**Exercise description**
Please copy every record below exactly, leaving out the pictures.

Records excerpted from a collection:
* * *
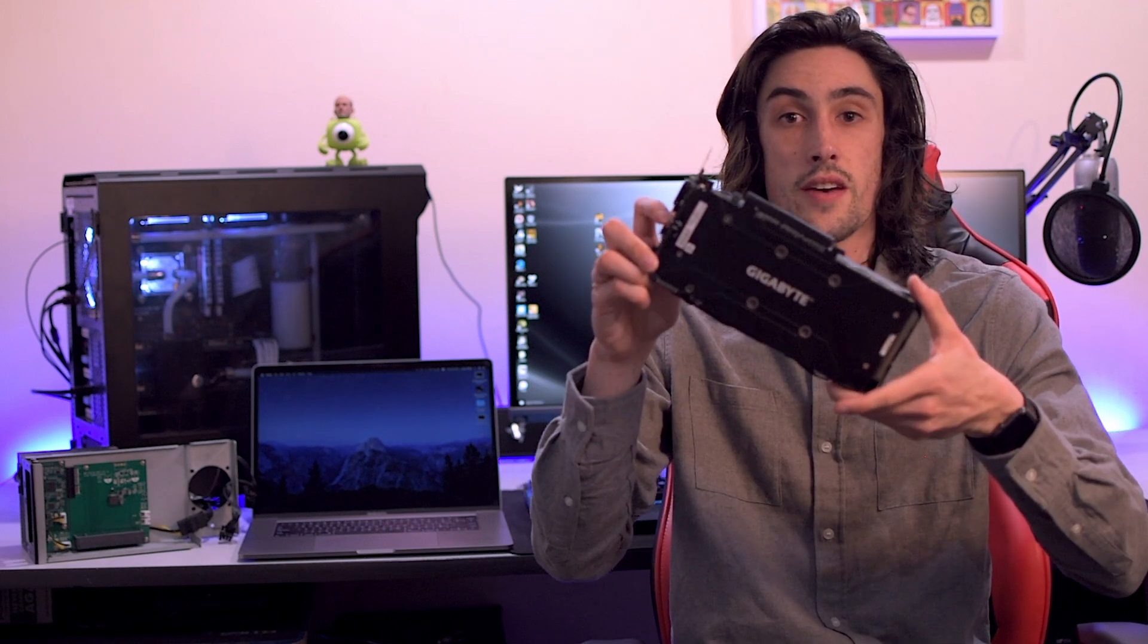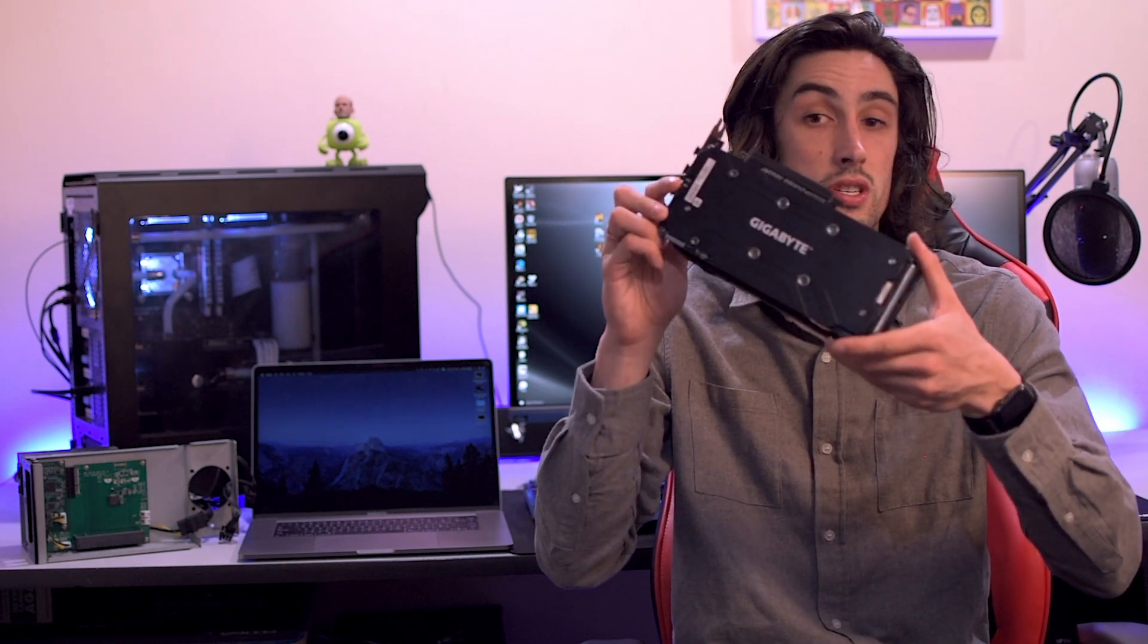So of course I've got the 8GB Gigabyte RX 580. So we can take a look here. The packaging is actually reasonably small compared to most graphics cards. And all we really get inside is that black and orange card. It is a nice looking card and it does have a back plate, which is a feature I like.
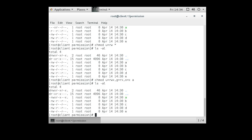You can also set permissions using octal numbers. Read has a value of 4, write is 2, and execute is 1. To set the 'b' file to match 'a' — rwx for owner, r-x for group, --x for other — I use 'chmod 751 b': 7 is 4+2+1, 5 is 4+1, and 1 is just execute. The listing confirms the permissions now match.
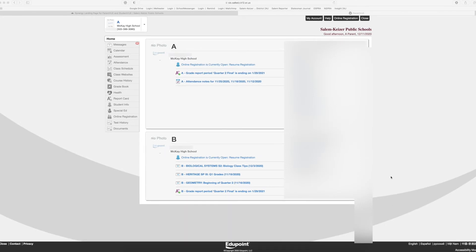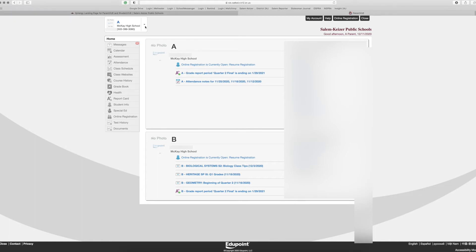All students in your family will appear in your ParentVUE account. To view grades, choose a student and then click on Grade Book in the menu.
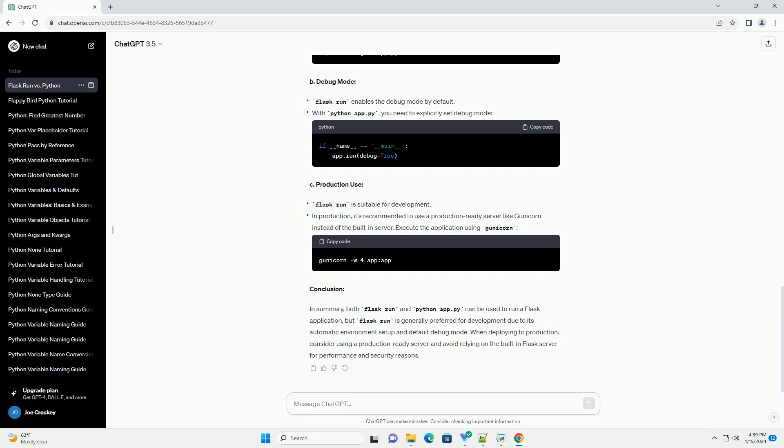Conclusion: In summary, both Flask run and Python App.py can be used to run a Flask application, but Flask run is generally preferred for development due to its automatic environment setup and default debug mode. When deploying to production, consider using a production-ready server and avoid relying on the built-in Flask server for performance and security reasons.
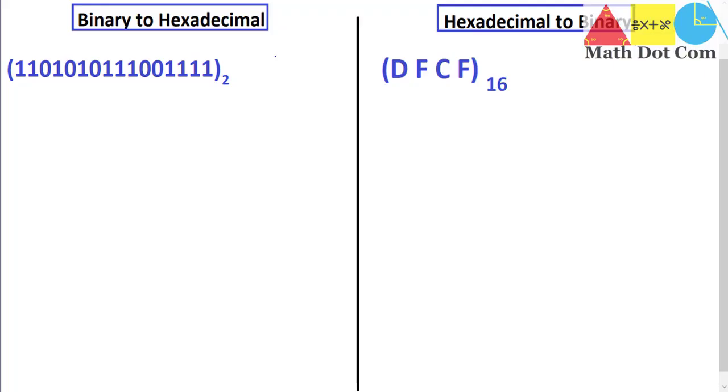Hello everyone. Our today's topic is how you can convert binary number to hexadecimal and hexadecimal to binary.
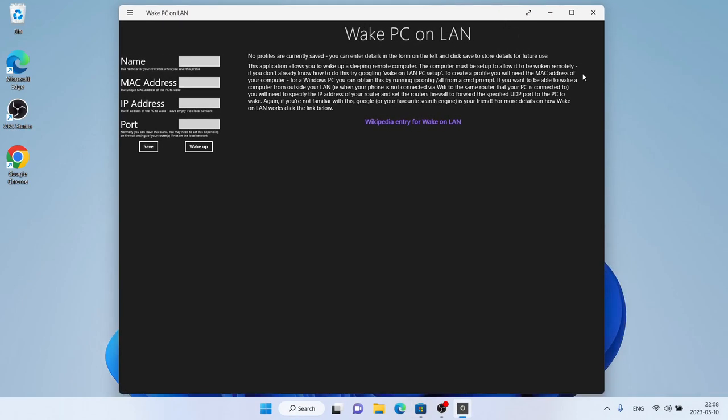So, this is how to download and install WakePCOnline for Windows. Thanks for watching.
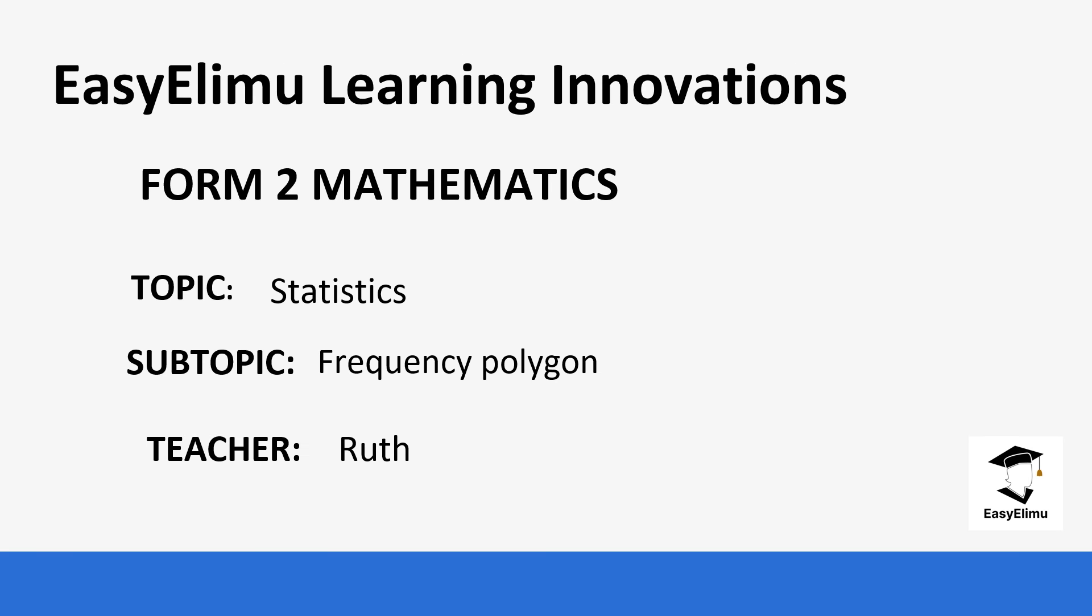Welcome to Easy ELEM Learning Simplified. My name is Ruth and today we are going to be discussing mathematics. Our topic for today is statistics and our subtopic is the frequency polygon.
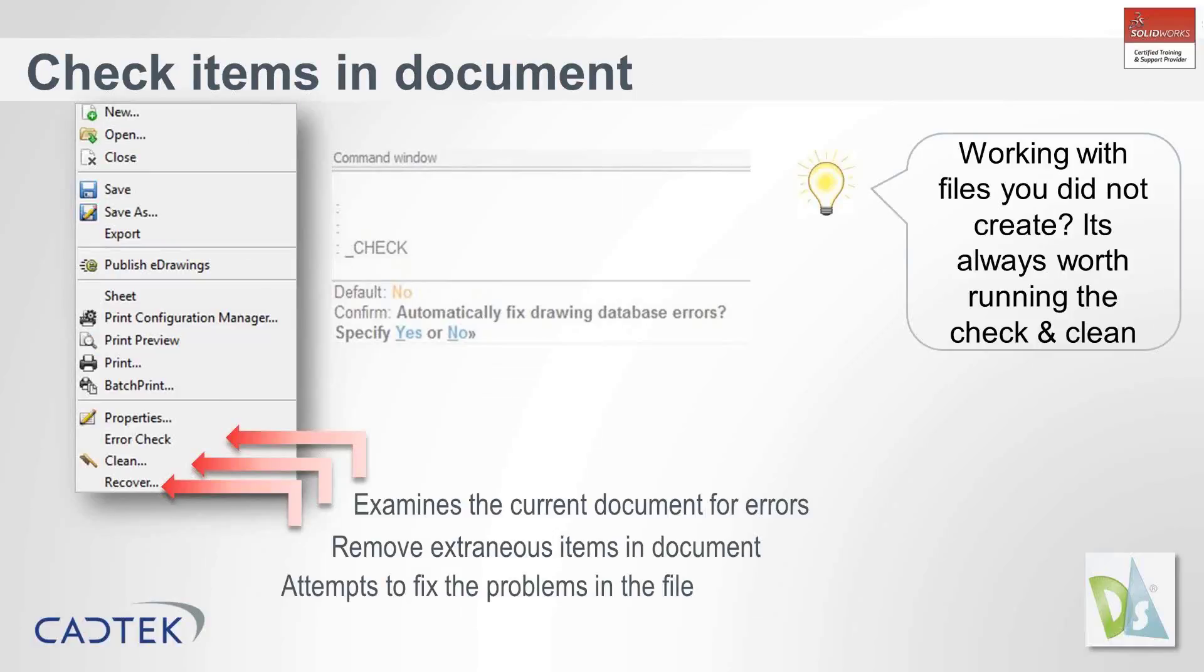The second tool we're going to look at is how you can actually run a few diagnostic checks in the document. It's pretty good practice to do this, particularly when you cannot confirm the source of the documentation.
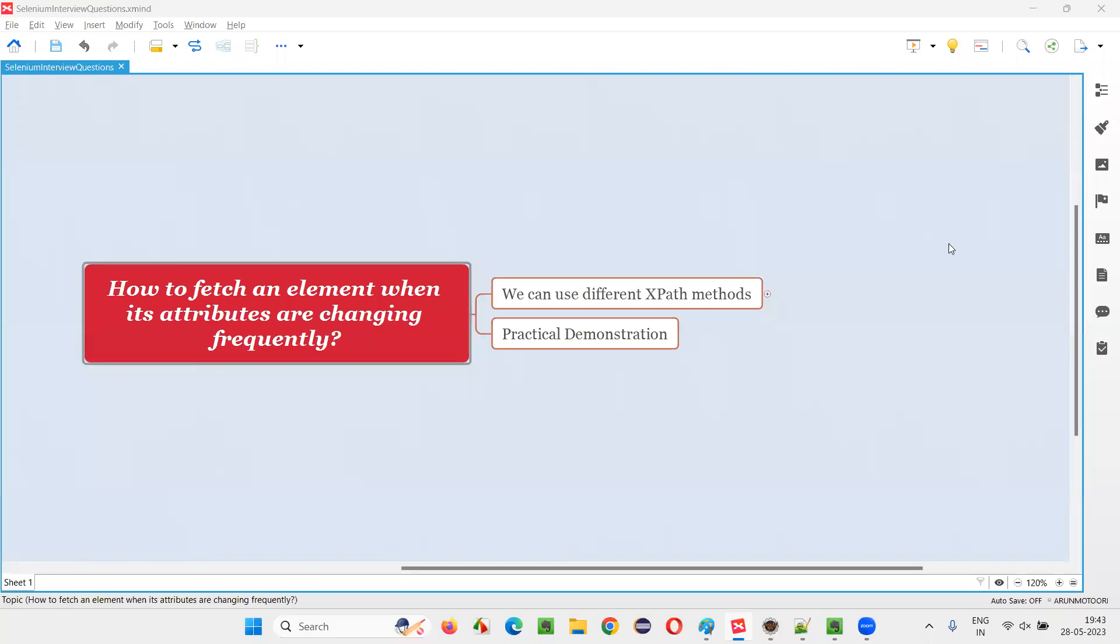Hello all, welcome to this session. In this session, I'm going to answer one of the Selenium interview questions.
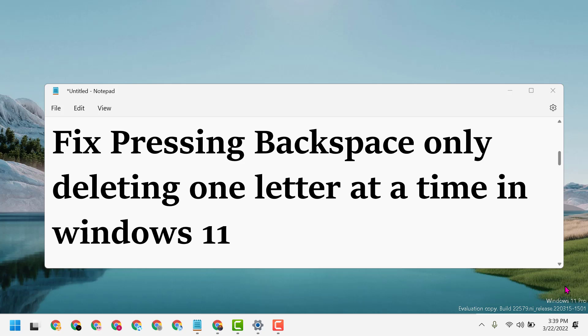I will show you how to fix pressing backspace only deleting one letter at a time in Windows 11.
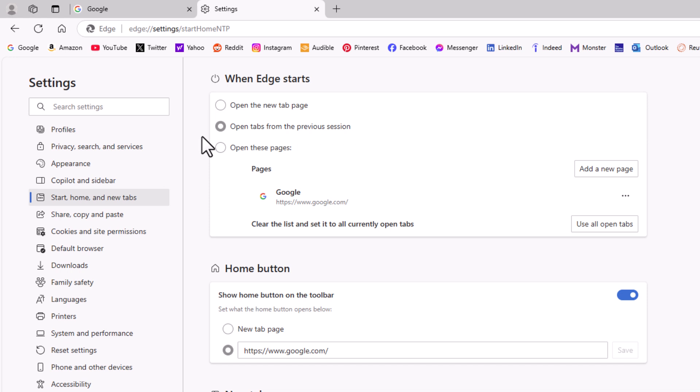That is how to always retain your previous session tabs in the Microsoft Edge web browser.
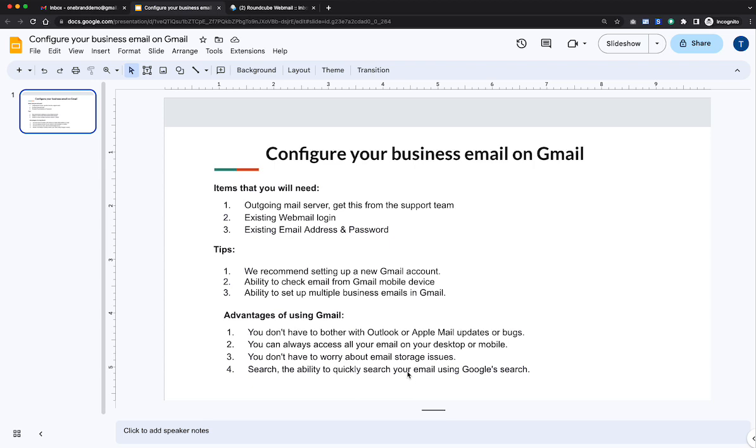Hi, in this video I'm going to show you how to configure your business email to work on Gmail, and this would be a substitution for a program like Outlook or Apple Mail.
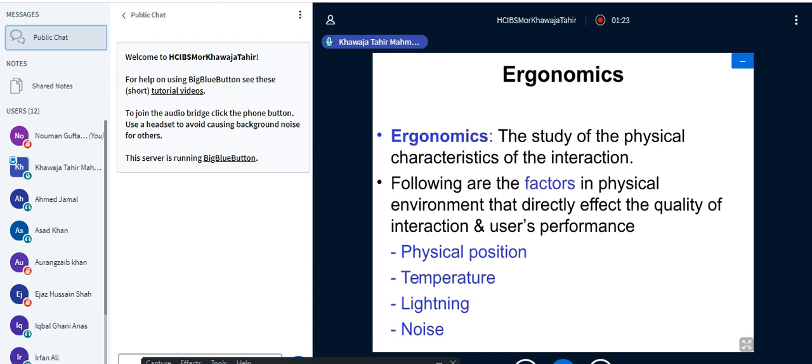We're going to study one by one what are called physical positioning, temperature, lighting, and noise — the four factors that affect the quality of interaction and user performance. For example, if your laptop or system has a power failure, our interaction will be affected and the quality of what we are delivering will be affected. Lightning, noise, temperature, and physical positioning of objects all matter.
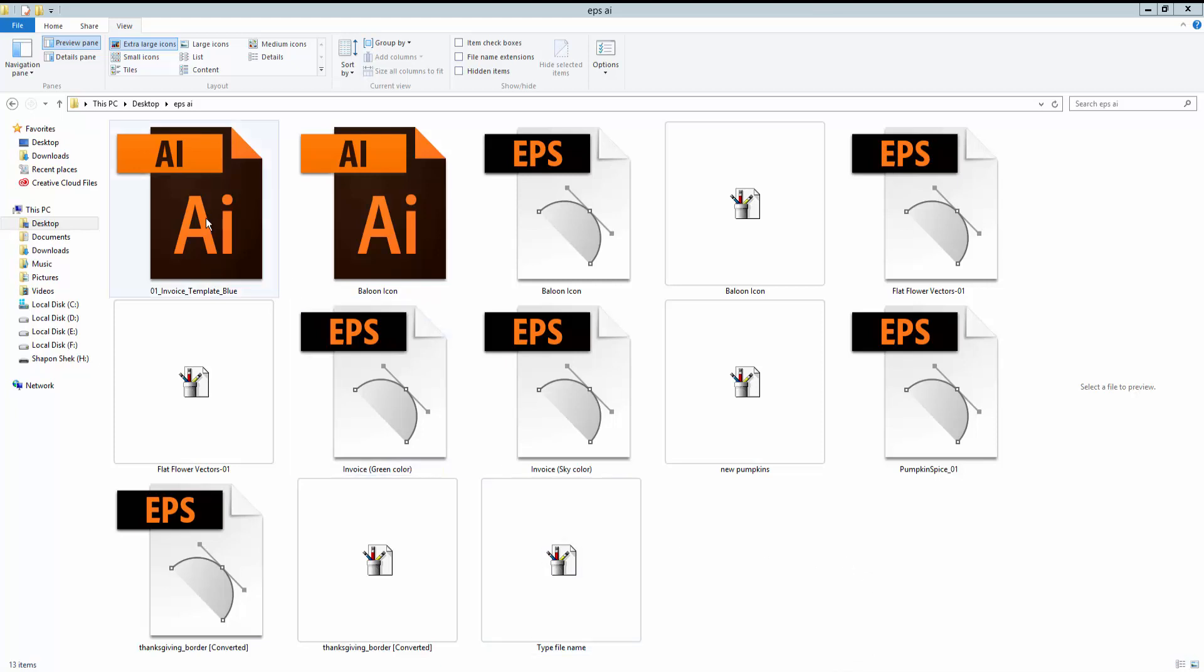This is my Illustrator file. I will open this file in Adobe Illustrator.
* * *
**Exercise response**
So of course I've got the 8GB Gigabyte RX 580. So we can take a look here. The packaging is actually reasonably small compared to most graphics cards. And all we really get inside is that black and orange card. It is a nice looking card and it does have a back plate, which is a feature I like.
You can also set permissions using octal numbers. Read has a value of 4, write is 2, and execute is 1. To set the 'b' file to match 'a' — rwx for owner, r-x for group, --x for other — I use 'chmod 751 b': 7 is 4+2+1, 5 is 4+1, and 1 is just execute. The listing confirms the permissions now match.
All students in your family will appear in your ParentVUE account. To view grades, choose a student and then click on Grade Book in the menu.
Conclusion: In summary, both Flask run and Python App.py can be used to run a Flask application, but Flask run is generally preferred for development due to its automatic environment setup and default debug mode. When deploying to production, consider using a production-ready server and avoid relying on the built-in Flask server for performance and security reasons.
Hello everyone. Our today's topic is how you can convert binary number to hexadecimal and hexadecimal to binary.
So, this is how to download and install WakePCOnline for Windows. Thanks for watching.
Welcome to Easy ELEM Learning Simplified. My name is Ruth and today we are going to be discussing mathematics. Our topic for today is statistics and our subtopic is the frequency polygon.
The second tool we're going to look at is how you can actually run a few diagnostic checks in the document. It's pretty good practice to do this, particularly when you cannot confirm the source of the documentation.
Hello all, welcome to this session. In this session, I'm going to answer one of the Selenium interview questions.
I will show you how to fix pressing backspace only deleting one letter at a time in Windows 11.
That is how to always retain your previous session tabs in the Microsoft Edge web browser.
Hi, in this video I'm going to show you how to configure your business email to work on Gmail, and this would be a substitution for a program like Outlook or Apple Mail.
We're going to study one by one what are called physical positioning, temperature, lighting, and noise — the four factors that affect the quality of interaction and user performance. For example, if your laptop or system has a power failure, our interaction will be affected and the quality of what we are delivering will be affected. Lightning, noise, temperature, and physical positioning of objects all matter.
This is my Illustrator file. I will open this file in Adobe Illustrator.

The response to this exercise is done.